Camping is a way for us to get back to our roots by communing with nature.
Photo by: professionalwreckhead.com
Imagine standing at the corner of a major intersection and just screaming. I can tell you what would happen: everyone would do their very best to act like you don’t exist, but the looks of disdain would be antagonizing. Screaming on top of a mountain is the polar opposite. The echoes of your own voice bounce around and envelop you in a security blanket of sound waves.
Committing an act of glamping won’t reap the same benefits as going camping. Glamping is a byproduct of a capitalistic industry hell-bent on plasticizing the world. If camping was water, glamping would be Diet Coke: shiny, sugary, and fake.
Glamping is a byproduct of a capitalistic industry hell-bent on plasticizing the world.
Photo by:wildgoosefestival.org
There are a plethora of ways to make camping a more gentle experience, without the added drawback of paying for it through the nose. Acquiring a couple of tarps can solve the issue of waking up in your own mini pool after a heavy rainfall. Switch out a foam mat for an air mattress if it means you’ll get a better night’s sleep. Actually zipping your tent up before going to sleep, no matter how pretty the moon looks, will hopefully prevent the dead ant situation.

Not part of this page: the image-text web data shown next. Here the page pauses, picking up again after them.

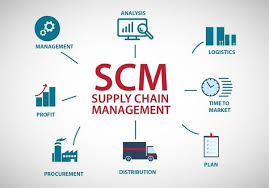 Supply-Chain-As-A-Service-SCaaS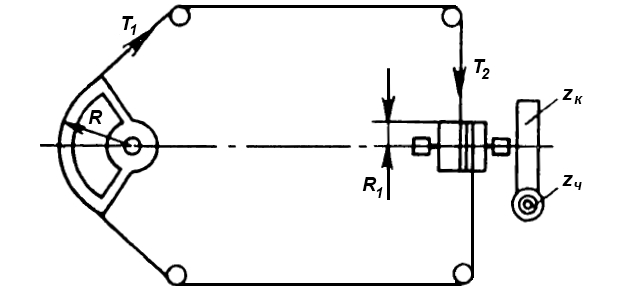 Схема расчета рулевой машины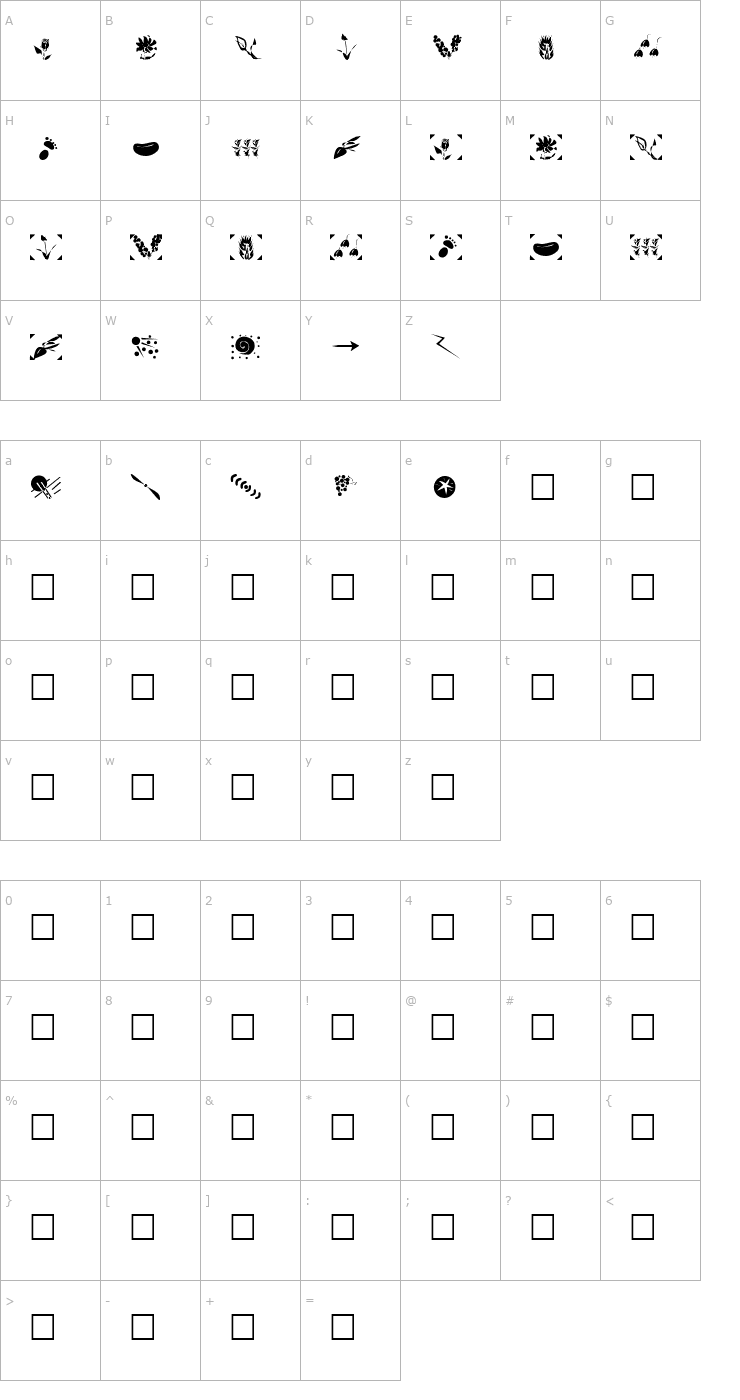 Character Map Oregon Plain Font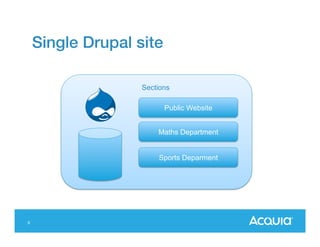 Single Drupal site
Sections
Public Website
Maths Department

Sports Deparment

9

 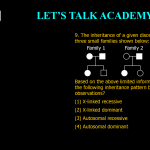 9. The inheritance of a given disorder is recorded in three small families shown below: Based on the above limited information, which one of the following inheritance pattern best explain the observations? (1) X-linked recessive (2) X-linked dominant (3) Autosomal recessive (4) Autosomal dominant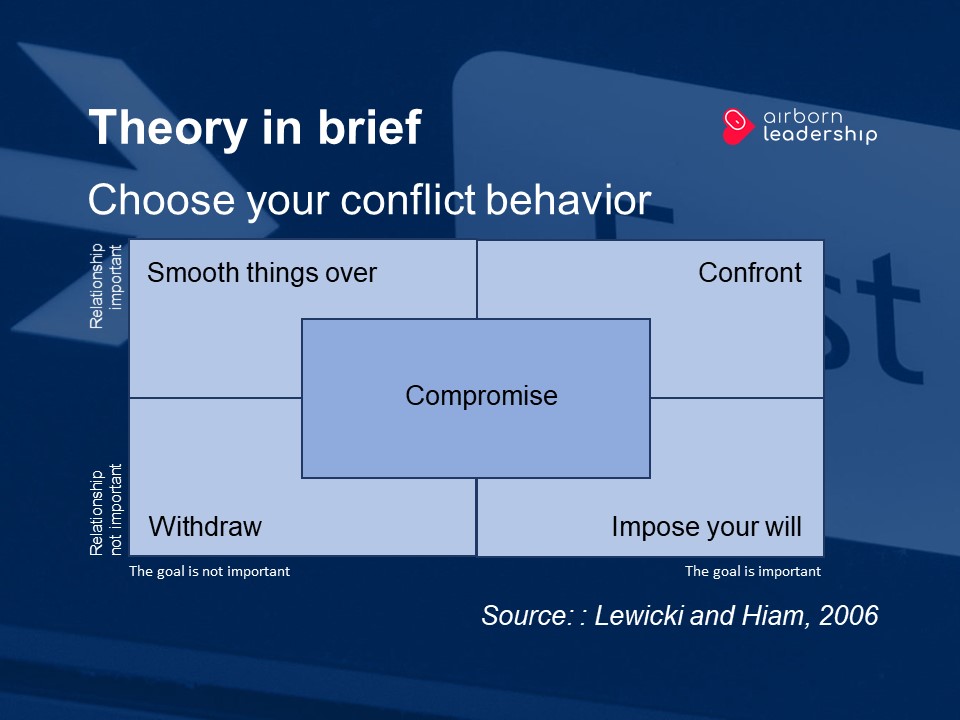 Choice of strategy for conflict behavior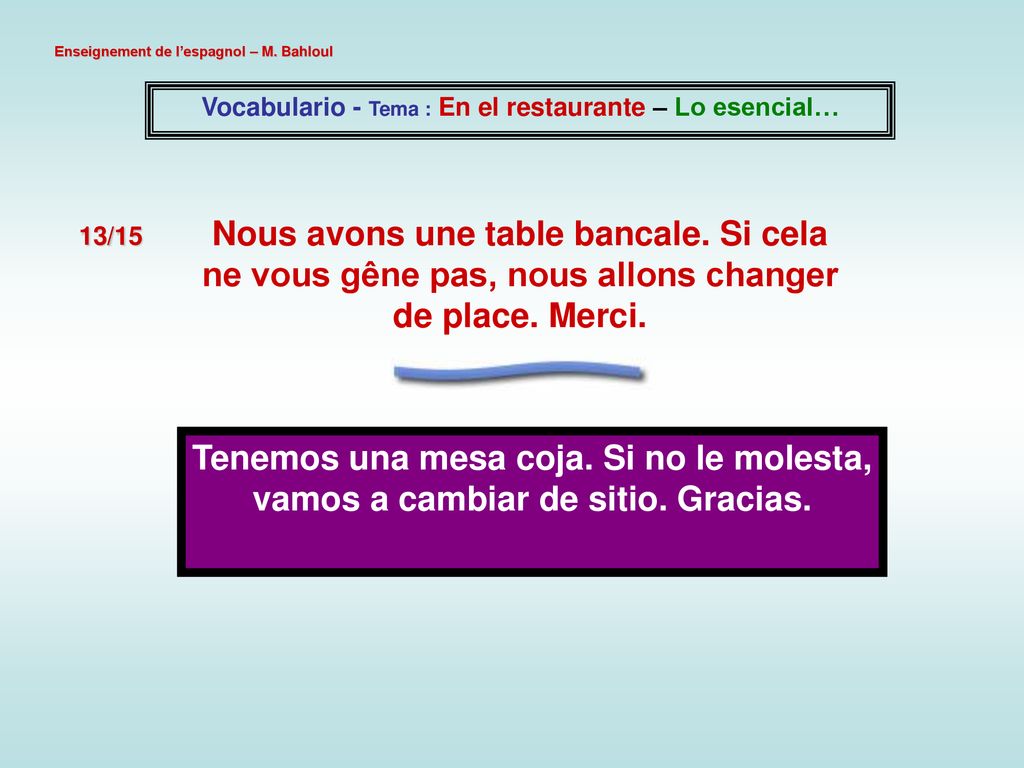 Vocabulario - Tema : En el restaurante – Lo esencial…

Camping rallies against the polished and elegant. This is why I see no similarity between the two. Even the tents used in glamping excursions are nothing like the tents you would actually camp with. Try hiking with one of these packaged up and strapped to your back. I guess I’m just not glamorous enough to even contemplate trying that.
Glamping isn’t camping, going glamping is the same as visiting a resort. Except there aren’t any water slides, but rest assured I’m positive there’s a gift shop.
Do yourself a favour, before booking an all-inclusive glamping getaway, strap on a pair of runners and go walking through your nearest trail. Breathe in, breathe out. Don’t trade the natural elements for something synthetic and processed. Don’t trade the natural elements for anything. There are healing powers in nature and I guarantee that a weekend away from civilization will do more for you than any spa package.